_DATASET EXTRACT_.
----------
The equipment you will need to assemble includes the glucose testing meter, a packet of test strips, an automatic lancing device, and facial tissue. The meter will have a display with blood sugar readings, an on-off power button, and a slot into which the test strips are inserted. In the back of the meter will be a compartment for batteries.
----------
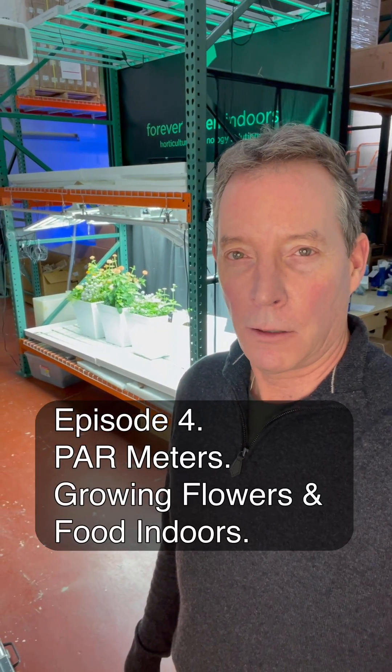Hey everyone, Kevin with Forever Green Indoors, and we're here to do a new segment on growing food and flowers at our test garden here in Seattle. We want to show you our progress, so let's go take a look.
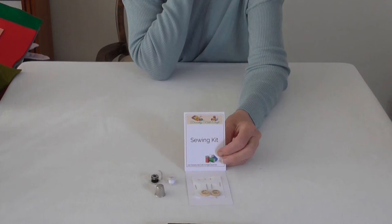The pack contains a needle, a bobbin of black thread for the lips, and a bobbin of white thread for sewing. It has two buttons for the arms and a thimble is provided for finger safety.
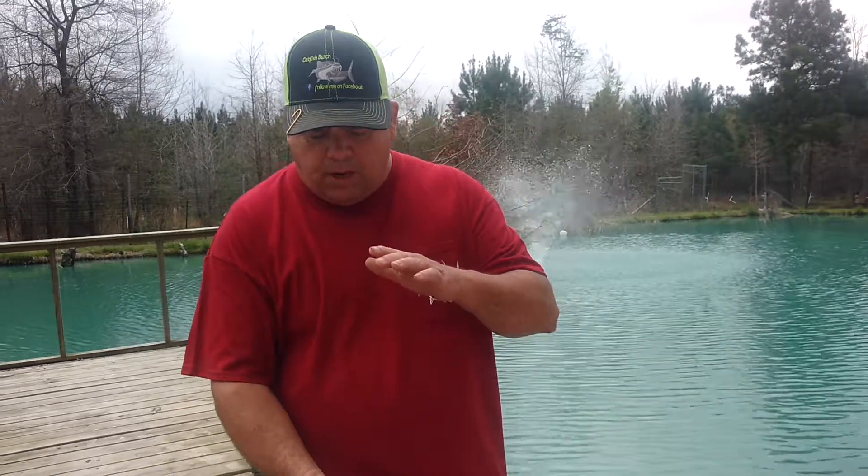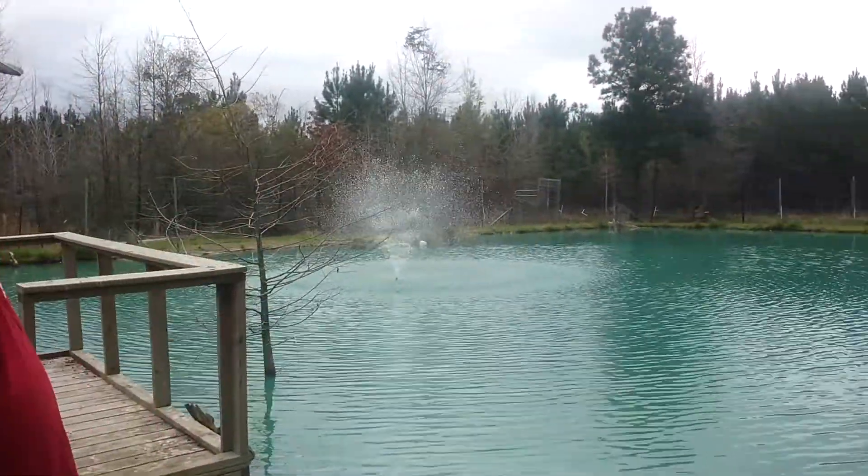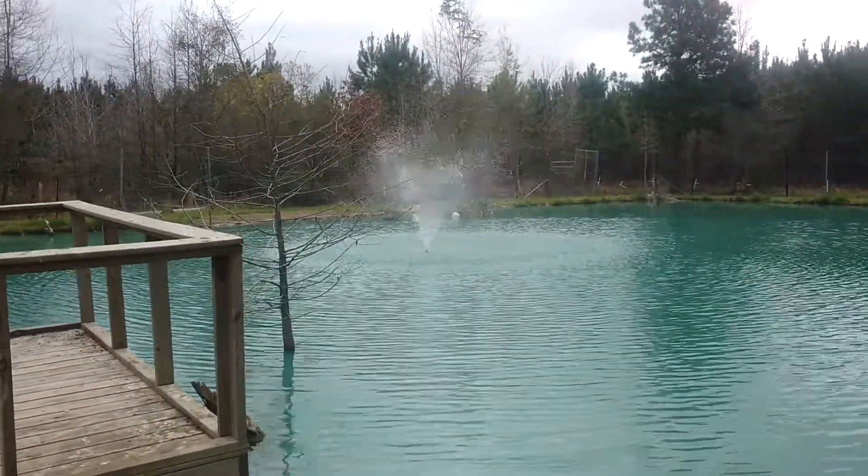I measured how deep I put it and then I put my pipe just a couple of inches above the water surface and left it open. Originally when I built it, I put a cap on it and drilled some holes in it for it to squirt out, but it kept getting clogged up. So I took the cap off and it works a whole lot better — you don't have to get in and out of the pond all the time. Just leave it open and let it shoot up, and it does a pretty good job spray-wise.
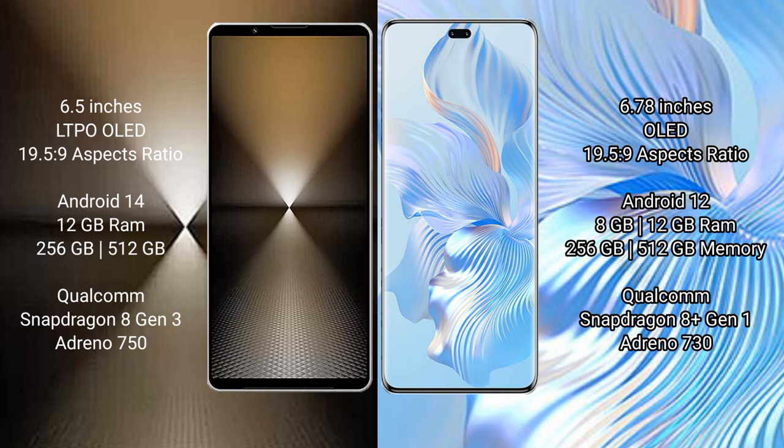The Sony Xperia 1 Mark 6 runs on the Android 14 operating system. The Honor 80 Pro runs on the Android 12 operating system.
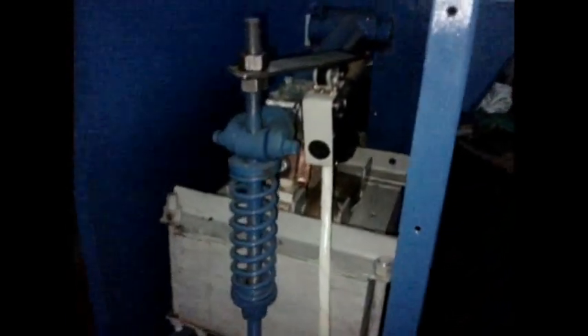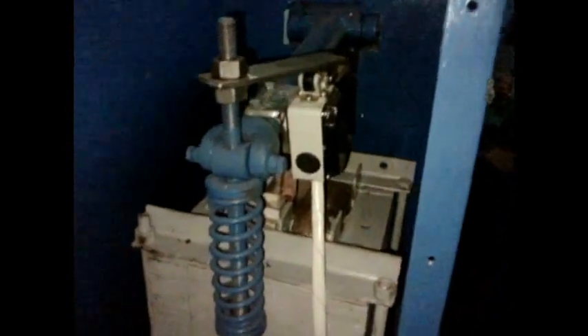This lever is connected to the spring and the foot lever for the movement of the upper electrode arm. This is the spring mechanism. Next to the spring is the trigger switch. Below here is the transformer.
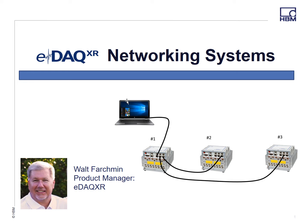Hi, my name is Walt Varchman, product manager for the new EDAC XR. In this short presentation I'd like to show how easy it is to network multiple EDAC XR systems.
----------
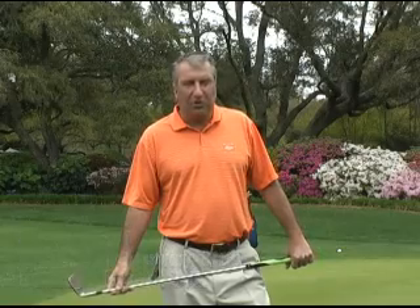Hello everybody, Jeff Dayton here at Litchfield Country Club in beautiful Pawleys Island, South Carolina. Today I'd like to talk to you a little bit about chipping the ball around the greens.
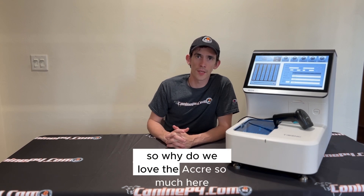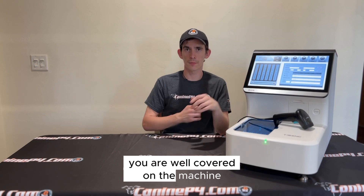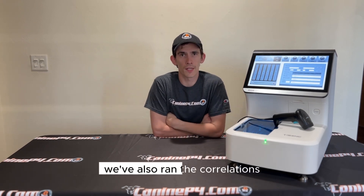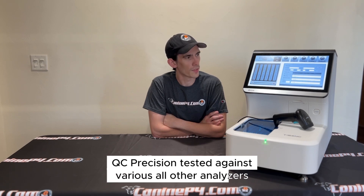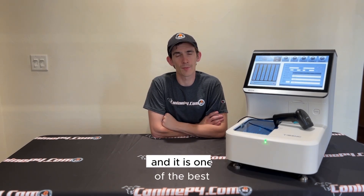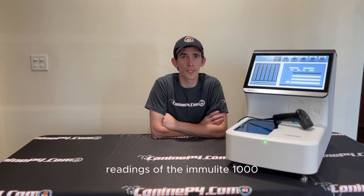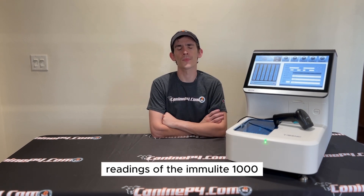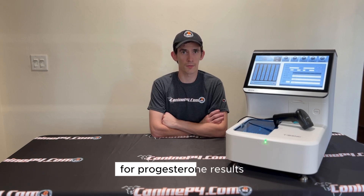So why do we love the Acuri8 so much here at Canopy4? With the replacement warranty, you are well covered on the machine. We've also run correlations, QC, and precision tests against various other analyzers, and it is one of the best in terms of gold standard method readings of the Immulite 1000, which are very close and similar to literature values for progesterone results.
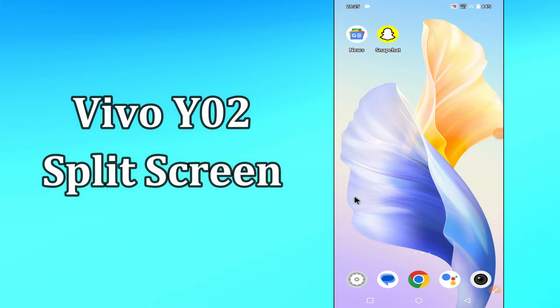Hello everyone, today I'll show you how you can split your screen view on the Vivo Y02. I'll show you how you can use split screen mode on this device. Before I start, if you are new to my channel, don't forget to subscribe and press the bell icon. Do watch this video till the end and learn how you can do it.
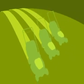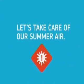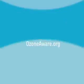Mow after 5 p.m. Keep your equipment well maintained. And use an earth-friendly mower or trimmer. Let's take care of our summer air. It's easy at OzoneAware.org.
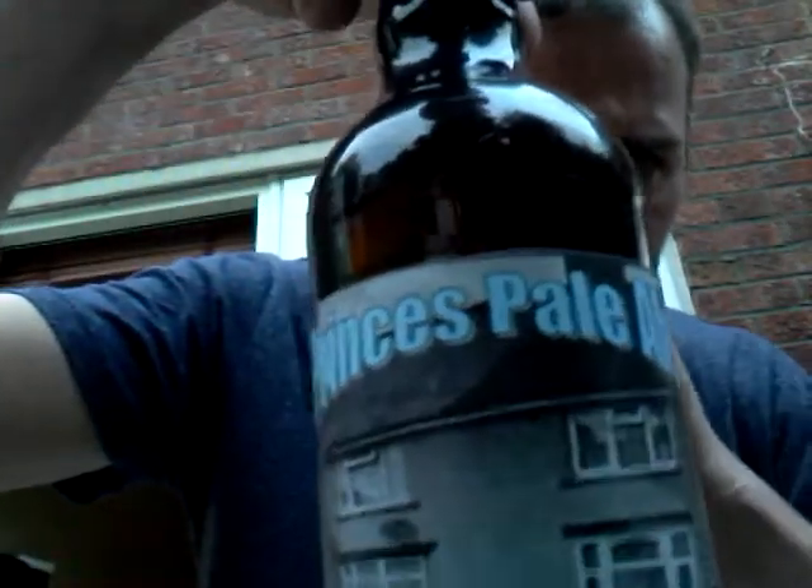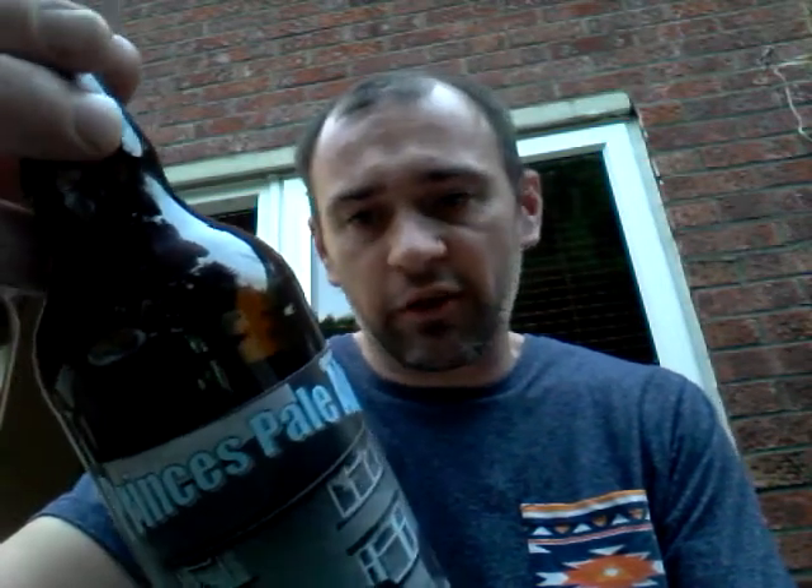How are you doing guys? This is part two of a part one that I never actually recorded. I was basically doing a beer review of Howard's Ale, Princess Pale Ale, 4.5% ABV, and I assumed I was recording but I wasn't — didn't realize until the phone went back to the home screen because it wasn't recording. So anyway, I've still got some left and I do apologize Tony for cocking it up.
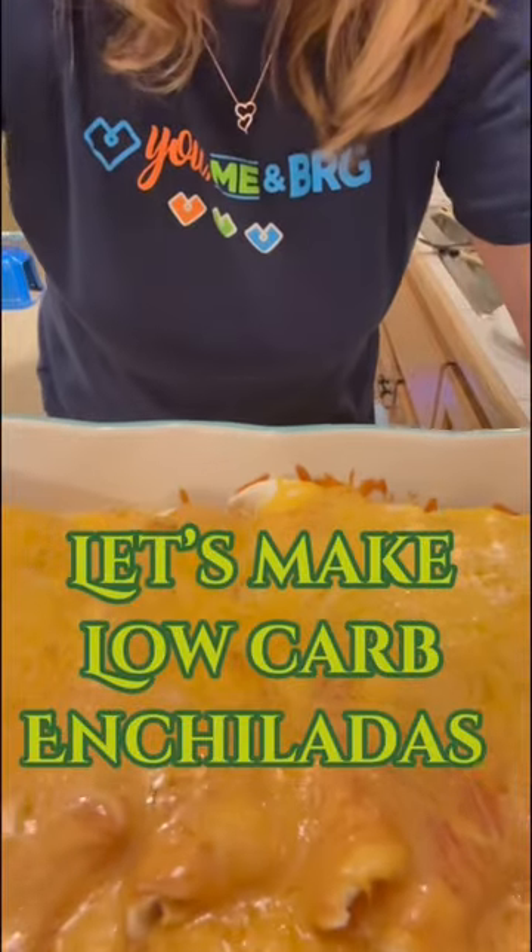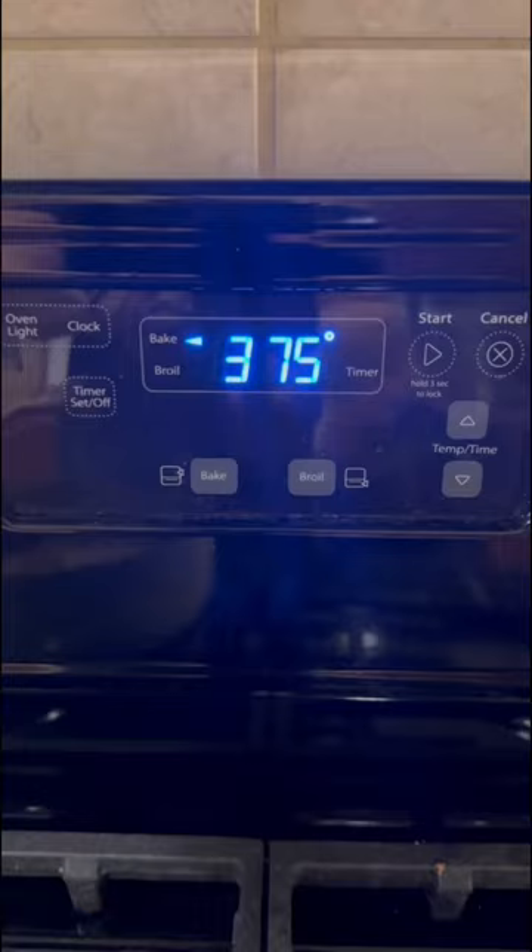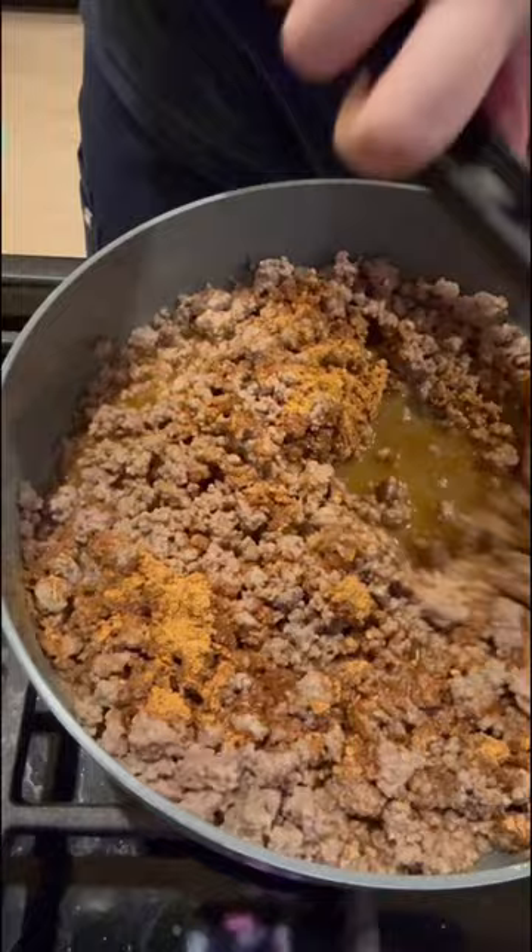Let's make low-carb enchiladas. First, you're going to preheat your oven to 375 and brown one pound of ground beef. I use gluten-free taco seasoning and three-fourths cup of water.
----------
_DESCRIPTION OF THE TASK_. Every line above in the stretch from the one with "This lever is" through the one with "Hi, my name" is to be transcribed exactly, ends included. No picture is copied.

_RESPONSE BOX_.
This lever is connected to the spring and the foot lever for the movement of the upper electrode arm. This is the spring mechanism. Next to the spring is the trigger switch. Below here is the transformer.
Hi, my name is Walt Varchman, product manager for the new EDAC XR. In this short presentation I'd like to show how easy it is to network multiple EDAC XR systems.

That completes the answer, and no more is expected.